George may have gotten to know the captain well enough to tell him the about the diminishment of their life in Kells. He copied some paperwork for the captain during the voyage, undoubtedly for money, and the captain invited him, if not the rest of the family also, to eat with him. They arrived on the 11th of September. Captain William Hoxie's commission on Caleb Grimshaw came to a terrible end several months later. On the next return trip from Liverpool the ship caught fire and sank with the loss of about a fifth of the passengers. Hoxie left the ship on one of the life boats, and he was vilified for it.
The Smiths were advised to go to Ohio if they wanted to farm. They traveled by train to Philadelphia, then out to the Allegheny Mountains where they connected to the ingenious "inclined-plane" canal to Pittsburgh, then by steamboat to Cincinnati. Oral history is quiet about what occupied the family in Cincinnati. The 1850 census says that John B. Smith was a merchant and George was a clerk. John was undoubtedly retired from active business, as he had been in the later years in Kells. The 1850 directory for Cincinnati lists George K. Smith with a lumberyard in the northwest part of the city and a residence on Ninth Street. Oral history in the family of George's sister Lucie also says he had a lumberyard and that it was next to the Procter & Gamble soap factory. George supposedly became the superintendant of the factory. This connection to Procter & Gamble hasn't been confirmed, and if it happened, it was brief. George's mother mentions getting a visit from Mrs. Gamble many years later, suggesting some sort of relationship between the families. Later directories all say George was a bookkeeper for various firms including The Citizens Bank and a dry goods company. For several years before the family moved away from the area he worked for an imported hardware firm at 53 West Pearl Street, run by partners Robert Gasten and John D. Dickson. They would factor again in his life after he moved. George signed a letter in November 1853 recommending several bookkeeping books by J. C. Smith, which was published in Smith's Ready Reckoner.
George met Anna Gooch at St. John's Episcopal Church - he was a Sunday School teacher, she was in the choir - according to Gig Wister. When they married George was living on Longworth Street. Not long after they they moved to Covington, Kentucky, across the river from Cincinnati. Something led the family to move to Brooklyn, New York, several years later. About 1864 he and his brother-in-law Edwin Mason, a hat retailer in Cincinnati, took their families to what is now the Beford-Stuyvesant neighborhood to open a hat store at 743 Myrtle Avenue. That lasted several years and in 1867 George became a partner in the Holbrook Manufacturing Company, makers of industrial soaps. Getting involved in the soap business adds another bit of credence to the story that George worked for Proctor & Gamble in some way. Robert Gasten and John Dickson later joined him as partners. There were close bonds among some of this group. George's nephew Edwin Charles Mason was hired as a salesman for the company by 1900, and he gave one of his sons the middle name Gasten. George had initially intended to give his son Robert that middle name, but it was given up in favor of Keating.
The family lived in a Gothic Revival cottage on Hart Street. This is where George's father died.
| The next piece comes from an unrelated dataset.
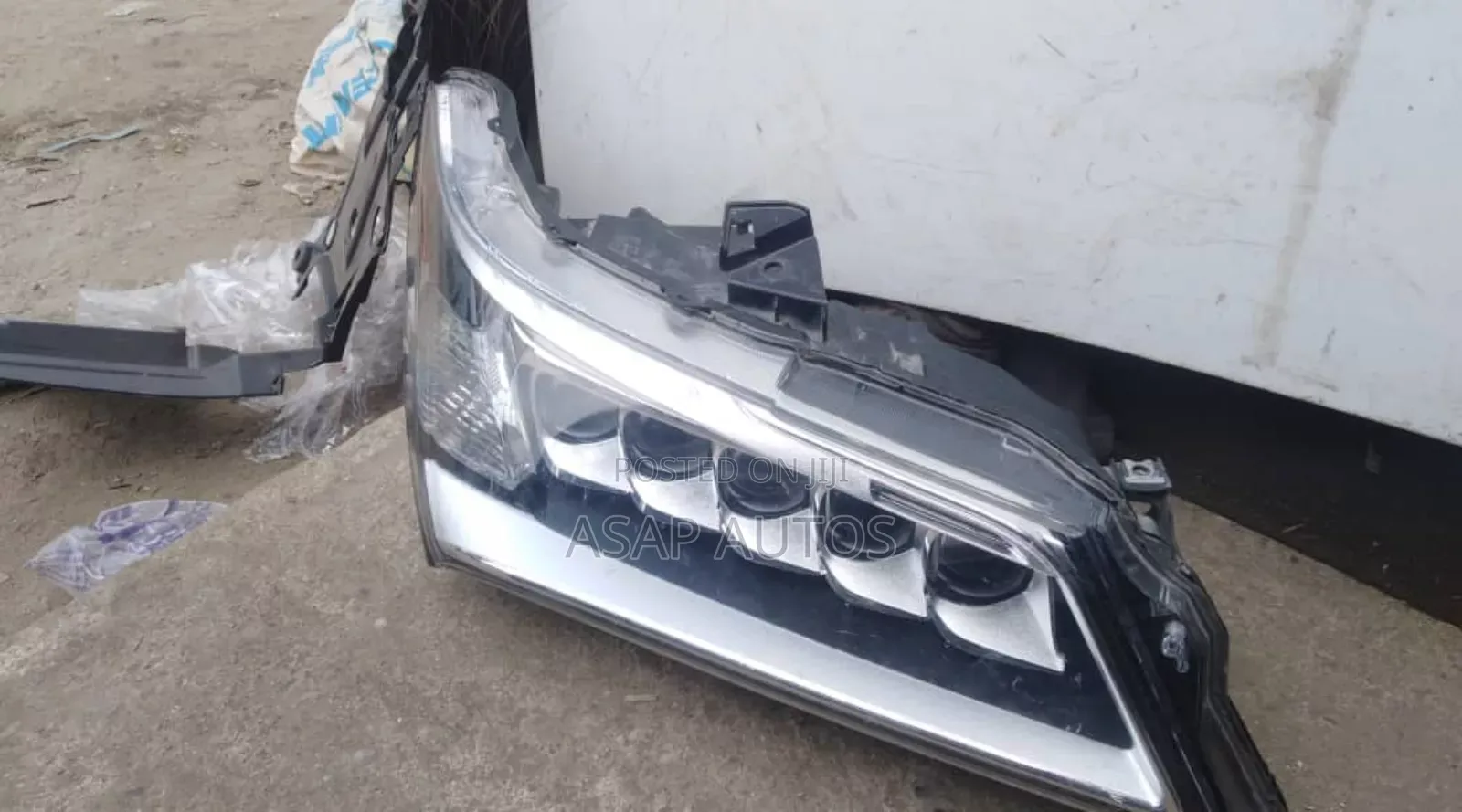 Headlamp Acura MDX 2016 - 2017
It was during their residence in Brooklyn that George designed a medieval looking method of protecting wagons, which he patented in 1868. It's not surprising that the idea didn't catch on.

Anna (Gooch) Smith, George's wife, was never satisfied with the minister or the services held in any of the churches they attended. She apparently was obsessive about it and caused the family to move every couple of years in search of her ideal place of worship. In the mean time George had finally found a business to hang his hat on. The factory eventually located on Washington Street in Manhattan, where it suffered a spectacular fire in 1882. George reportedly arrived at the scene of the building reduced to rubble and said, simply, "bully of a fire." The New York Times reported on the event.
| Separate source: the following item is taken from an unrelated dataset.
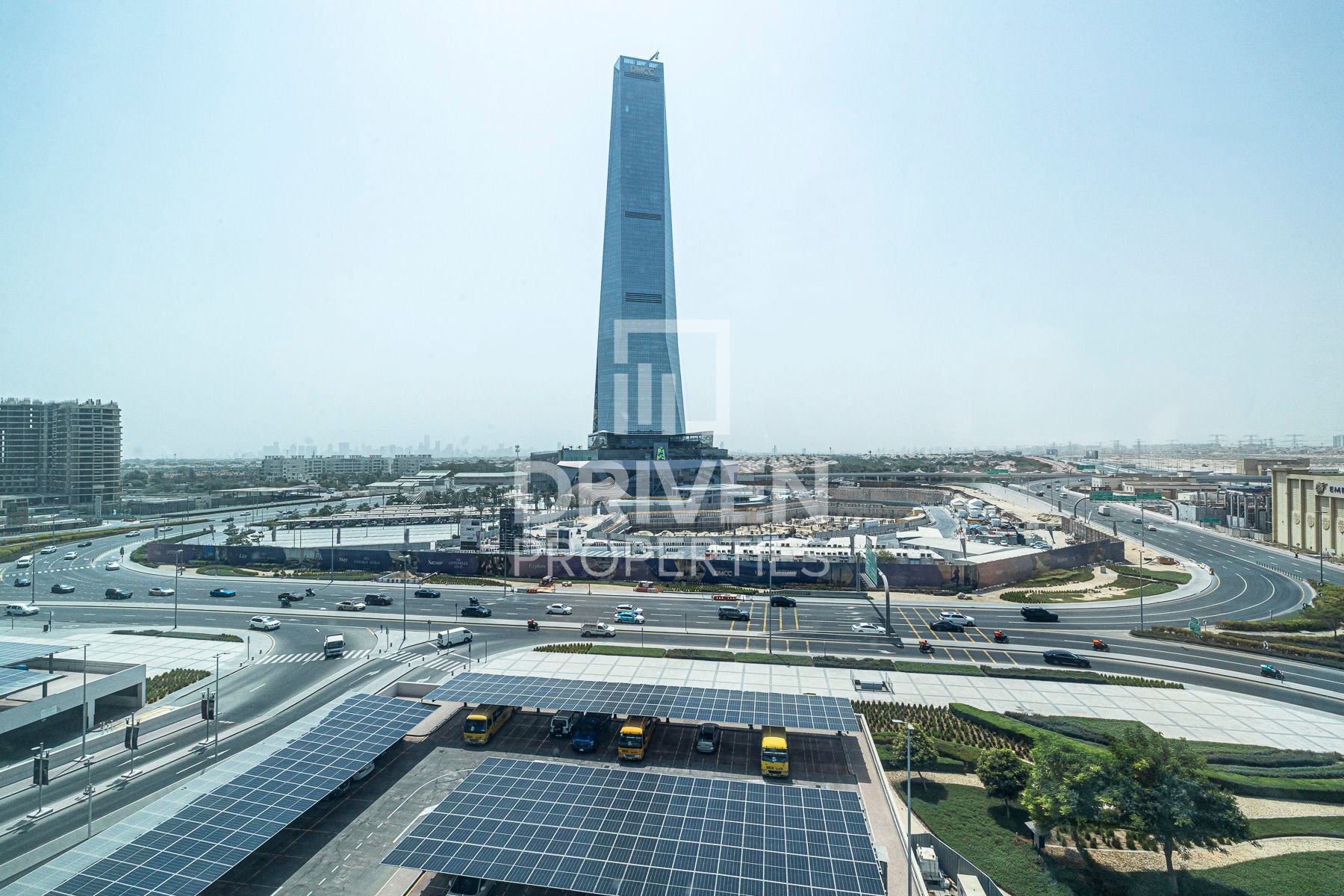 Vacant Office Spacious Prime Location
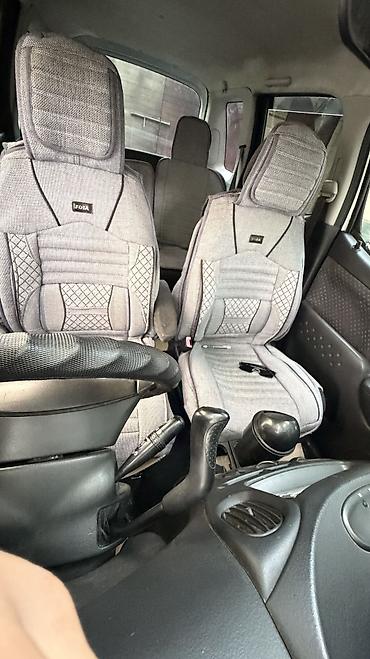 смёрка машина: Toyota Funcargo: 2003 г., 1.3 л, Автомат, Бензин, Минивэн — 10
courtesy of Douglas C. Wendell, Jr.
left: engraving of the first Washington St. building; right: after the fire
By 1881 George was Secretary of the company and Treasurer by 1885. They moved to new quarters further north on Washington Street after the fire. Here they remained for about 30 years. F. S. "Stod" Smith II had several recollections about going to and being in this building, with its flickering gas lights.

466-470 Washington St., Manhattan, then and in 2006
The old photo clearly was given to the letterhead engraver to use.
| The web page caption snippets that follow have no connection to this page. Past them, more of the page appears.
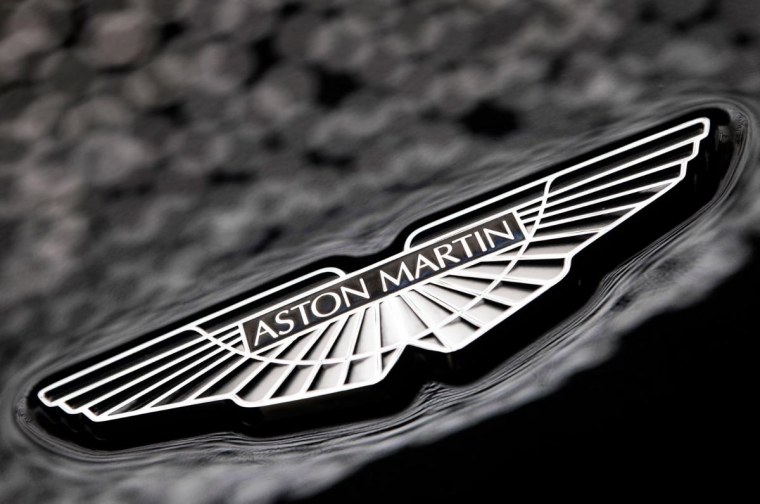 Aston Martin марка
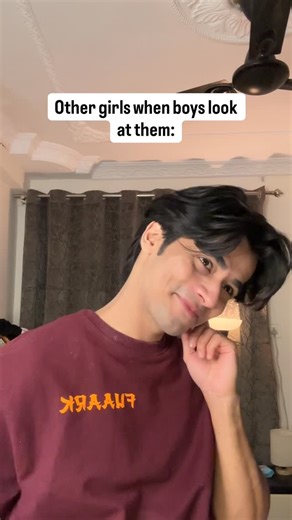 Mohd Hamza | My red hair baddie friend 🥶 | Instagram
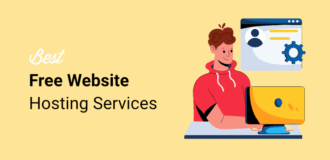 best free website hosting services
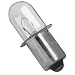 DEWALT DW9083  18-Volt Flashlight Replacement Bulb, 2 Bulbs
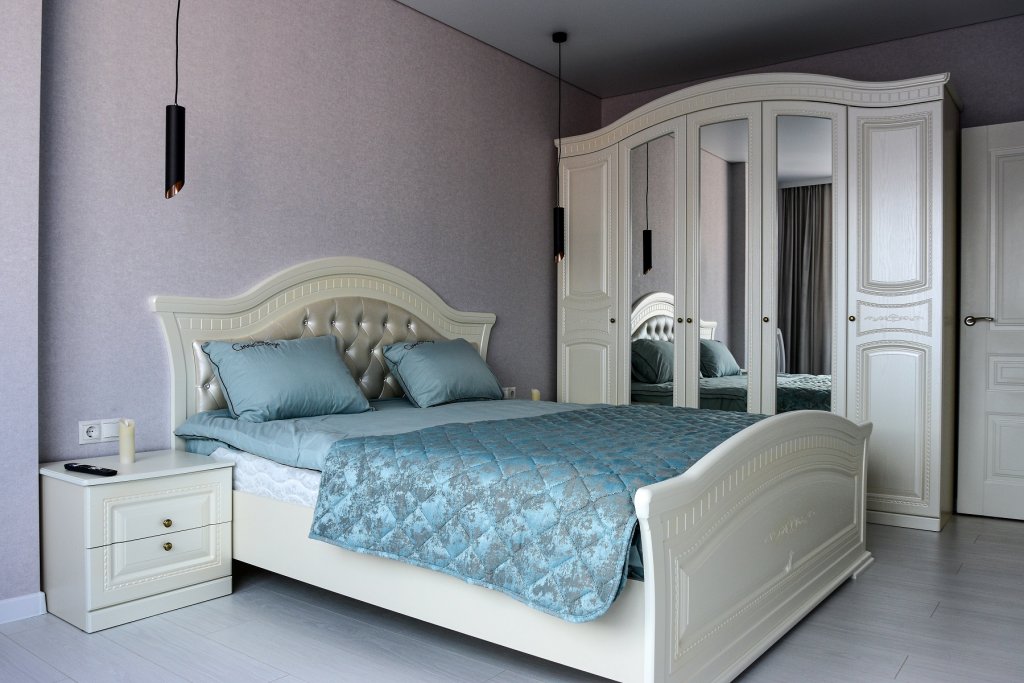 Фотография квартиры Квартира Новая Двухкомнатная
After Brooklyn, the Smiths were in Jersey City, Yonkers (twice), New Brunswick, Plainfield (twice), Elizabeth (twice) and Hoboken. They were in Hoboken for about 4 years, living at 104 River Street.
clips of original photographs courtesy of Patrick Verdier
104 River St., Hoboken - the right photo was taken after the Blizzard of 88. Stevens Institute can be seen in the far background.
Below is an 1881 bird's-eye view of Hoboken from the Hudson River. The Smiths moved there four years later, but little had changed by then. The photos below that show the Norddeutscher Lloyd shipping company pier for Bremen immigrant arrivals taken from an upstairs window of the Smith house. There are a few differences between them, the one on the left being older. Many European immigrants were brought here and then ferried to Castle Garden in Manhattan before Ellis Island opened. The ships in the photos below were not the large steamships on which they would have come.

Library of Congress collection


courtesy of Douglas C. Wendell, Jr.
The last photo shows George sitting in Hudson Park and Gertrude riding her comfortable looking vehicle nearby. All of the 19th century houses within two blocks of the riverfront have been replaced by large, modern apartment complexes, and the piers are gone. Part of Hudson Park and Stevens Institute are all that the Smiths would recognize today.

courtesy of Patrick Verdier
The family settled for a time in Montclair, New Jersey. They were first at 46 Union Street in 1896 before moving to a very spacious house at the corner of South Fullerton Avenue and Union Street.

The last
move for George and Anna was to "Drumconnell Farm," the home of their daughter Gertrude and her family in Dundee/Lakemont, NY.
They died there within eight months of each other in 1911.
Summers were a very active time for the family. George purchased land on Kimball’s Island, Maine, in the 1890s and began a tradition of summers there for many of his descendants.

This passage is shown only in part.